GIVEN DATA START
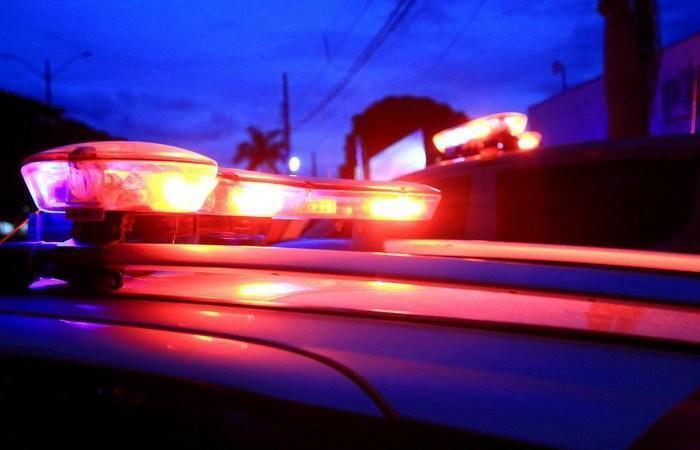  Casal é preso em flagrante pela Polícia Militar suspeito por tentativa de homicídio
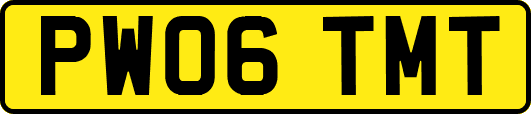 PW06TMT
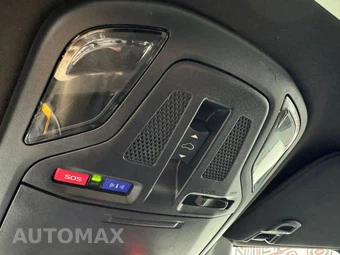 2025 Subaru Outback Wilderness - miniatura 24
GIVEN DATA END
GIVEN DATA START
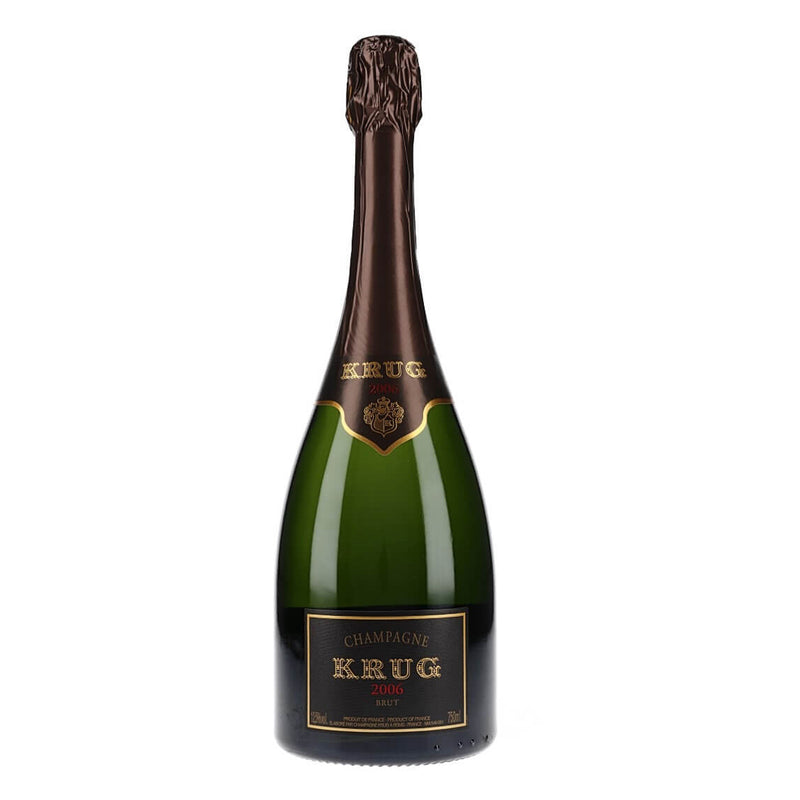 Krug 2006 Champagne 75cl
GIVEN DATA END
GIVEN DATA START
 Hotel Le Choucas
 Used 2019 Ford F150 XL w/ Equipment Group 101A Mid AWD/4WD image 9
GIVEN DATA END
Both the line containing "Casal é preso" and the line containing "2025 Subaru Outback" above belong in the output, as do the lines between them. Print them exactly, without pictures.

  Casal é preso em flagrante pela Polícia Militar suspeito por tentativa de homicídio
 PW06TMT
 2025 Subaru Outback Wilderness - miniatura 24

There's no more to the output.